Overview of the data analysis project

We recently completed a project that analyzed the popularity of content in various categories and with various tags. Popularity was measured by total hits over a one-month time interval.

Two sets of data were collected from the WordPress site to perform the analysis:

    • An export of the site content in XML format
    • Content hits counts gathered by the WP Statistics plugin in CSV format

Once the data was collected, a Python data wrangling script merged the two sets together to produce a single CSV file with the following columns:

  • id
  • url
  • type of post (page or post)
  • author
  • categories attached
  • tags attached
  • total number of hits

The merged CSV file was then used as input to an R script executed by RStudio. The entire implementation process is illustrated below.

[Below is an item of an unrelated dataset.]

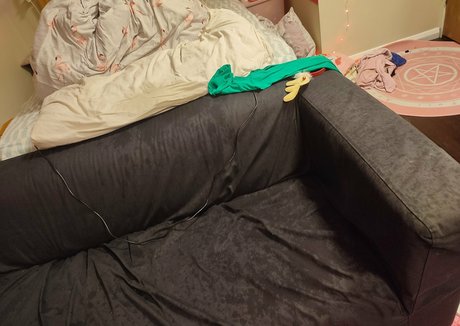 maddisonsins OnlyFans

image of Implementation Process
Implementation Process

Histogram of the hits-count

The first step in the analysis was to plot a histogram of the hits-count to see the distribution of hits over all pages and posts.


image of Histogram of hits for all pages and posts
Histogram of hits for all pages and posts

The above chart shows that a small number of pages/posts gets most of the hits.

Looking at which categories are most popular

In this study we looked at which categories are the most popular. Below is a plot of total number of hits by category that shows which category is the most popular.

Image of Plot of total hits by category
Plot of total hits by category

The plot shows that the most popular category is “family history.” The category consists of a series of posts we created to describe the history of various branches of our family history and ancestry. If we look at a list of the top few pages, we see confirmation of this.

image of Pages in hits order
Pages in hits order

At the top of the list are the Dienst and Nuss families. We have been contacted many times by distant relatives that have found a connection to us by looking at these pages.

Planning future projects

In a future study, we plan to look at how tags affect post popularity (the tags describe the posts in greater detail than the categories do).